October 31, 2011

Happy Halloween!


From my sweet little lamb!

We've got more photos of Lincoln looking a little bit more enthusiastic, but iPhoto is being a butt right now and I can't actually get to them to share them.

I'll be back with more pics and a pattern review of McCalls 6181, which I used to stitch up the lamb costume, once technology is on my side again. In the meantime, Happy Halloween!

October 27, 2011

Easy maternity skirt refashion

I've had this skirt sitting in my "to be refashioned" pile forever. It was way too long and extra poufy, so a few months ago I decided to disassemble the skirt from the waistband. I took in about 12" of width (I'm telling you, seriously poufy!), added some pleats, and started to shorten it and reattach the waistband. For some reason I lost steam though, and it has sat pinned but unsewn for months. Once my belly started to grow and my wardrobe started to shrink, I decided it was time I did something with that thing after all. Using essentially the same technique that I did on this skirt the first time around, I made myself a comfy new addition to my maternity wardrobe for approximately zero dollars.


With the help of my serger, this was even easier and faster than last time. I folded some black 1x1 rib into a long tube and serged up the side, then folded the tube in half the other way and sandwiched it between the skirt and lining and serged again. And done. The only thing that would make it better is pockets. Still might go back and add some.


I saved the waistband so I can potentially go back after the baby comes and finish the original project I started. I'll add pleats to the front and back to take in the width instead of just gathering, but for the pregnancy belly, this is definitely the preferred method. Lots of room to grow and still be comfortable. Makes me want to take another peek in my closet and see if there's anything else with potential to be fixed up in the same way.

October 21, 2011

more fun with knits: copycat

I've been having some more fun sewing with knits, furthering my mission to create an entire maternity wardrobe for myself that feels like yoga pants and t-shirts but is more socially acceptable for public display.

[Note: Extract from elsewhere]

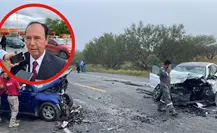 Gobernador Américo Villarreal Anaya envía mensaje y condolencias a familia de Guillermo Mansur Gobernador Américo Villarreal Anaya envía mensaje y condolencias a familia de Guillermo Mansur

This time, I turned to my closet again for inspiration. I pulled out a favorite top that I picked up at Nordstrom well over a year ago. It's soft and drapey and looks cute dressed up or down. I wear it all the time, and have been pleased that so far it's still roomy enough to accomodate my expansion project nicely. My original is black, and I decided to replicate it in the leftover brown knit from my reversible skirt project to make another basic staple for my wardrobe. Below you see the original on the left, and my copycat on the right.


I simply laid my existing shirt out on my cutting table to trace a pattern. I folded it in half lengthwise and traced once for the front and once for the back, adding a seam allowance as I went. There are five pintucks along each shoulder of the original and a row of 8 on the bottom, so I did some math (incorrectly) and added in some extra width to accomodate those. I realized my math error after I cut, so I improvised and only made three narrower tucks on each shoulder of my copycat, and six along the hemline. As a result, it's not quite as flowy as the original, but there's still plenty of room for me and my onboard occupant. See:


I also used the remaining bits of the striped fabric from the reverse side of my skirt to make another version. I didn't have enough width to accomodate the pintucks at all, so I just cut a basic outline of the shape and stitched it together. The result is a much less drapey and more casual tee, but I think with the stripes, the added fullness might have been weird anyway.


I think the waistband at the bottom is nice to give these basic tops a little something extra. It's not just a regular t-shirt, but it's just as comfy as one. And seriously, so quick and easy to put together. I could make a whole closet full of these, but I'll try to exercise a little restraint and try something new. And, like usual, there are a couple more pics in my flickr set if you're interested.

October 18, 2011

Pumpkin-ing!

We visited Oxbow Farms in Duvall this weekend looking for a little bit of fall fun, and we found it! Oxbow is an organic farm with a wonderful u-pick pumpkin patch. Every pumpkin was perfect! No weird flat spots, no piles of rotten mush, just loads of beautiful, plump, bright orange pumpkins begging to be chosen.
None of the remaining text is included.